ABOUT THIS TASK
Please give, word for word, the line containing "Mango Slice With" and every line that comes after it in the data below.

-=-=-=-=-

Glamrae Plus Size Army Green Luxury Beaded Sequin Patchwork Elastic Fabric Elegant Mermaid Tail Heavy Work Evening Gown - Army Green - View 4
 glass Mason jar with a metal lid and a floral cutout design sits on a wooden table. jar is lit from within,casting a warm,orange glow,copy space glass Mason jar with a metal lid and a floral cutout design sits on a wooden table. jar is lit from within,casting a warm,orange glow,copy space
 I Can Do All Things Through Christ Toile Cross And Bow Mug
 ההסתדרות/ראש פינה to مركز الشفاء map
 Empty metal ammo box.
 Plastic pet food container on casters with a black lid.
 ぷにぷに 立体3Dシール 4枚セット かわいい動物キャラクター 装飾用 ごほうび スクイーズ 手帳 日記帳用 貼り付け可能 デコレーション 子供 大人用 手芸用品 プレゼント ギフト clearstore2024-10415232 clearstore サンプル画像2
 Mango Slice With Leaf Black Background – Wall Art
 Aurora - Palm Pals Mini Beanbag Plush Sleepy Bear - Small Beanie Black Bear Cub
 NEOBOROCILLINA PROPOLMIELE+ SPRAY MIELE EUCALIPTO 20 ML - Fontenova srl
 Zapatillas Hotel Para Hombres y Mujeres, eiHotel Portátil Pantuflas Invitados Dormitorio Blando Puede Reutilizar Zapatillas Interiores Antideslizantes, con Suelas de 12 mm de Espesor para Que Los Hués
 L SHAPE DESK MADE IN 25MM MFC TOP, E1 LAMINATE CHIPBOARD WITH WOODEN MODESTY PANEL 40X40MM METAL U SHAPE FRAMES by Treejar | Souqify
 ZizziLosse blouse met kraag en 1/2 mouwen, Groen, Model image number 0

-=-=-=-=-

OUTPUT FOR THIS TASK
 Mango Slice With Leaf Black Background – Wall Art
 Aurora - Palm Pals Mini Beanbag Plush Sleepy Bear - Small Beanie Black Bear Cub
 NEOBOROCILLINA PROPOLMIELE+ SPRAY MIELE EUCALIPTO 20 ML - Fontenova srl
 Zapatillas Hotel Para Hombres y Mujeres, eiHotel Portátil Pantuflas Invitados Dormitorio Blando Puede Reutilizar Zapatillas Interiores Antideslizantes, con Suelas de 12 mm de Espesor para Que Los Hués
 L SHAPE DESK MADE IN 25MM MFC TOP, E1 LAMINATE CHIPBOARD WITH WOODEN MODESTY PANEL 40X40MM METAL U SHAPE FRAMES by Treejar | Souqify
 ZizziLosse blouse met kraag en 1/2 mouwen, Groen, Model image number 0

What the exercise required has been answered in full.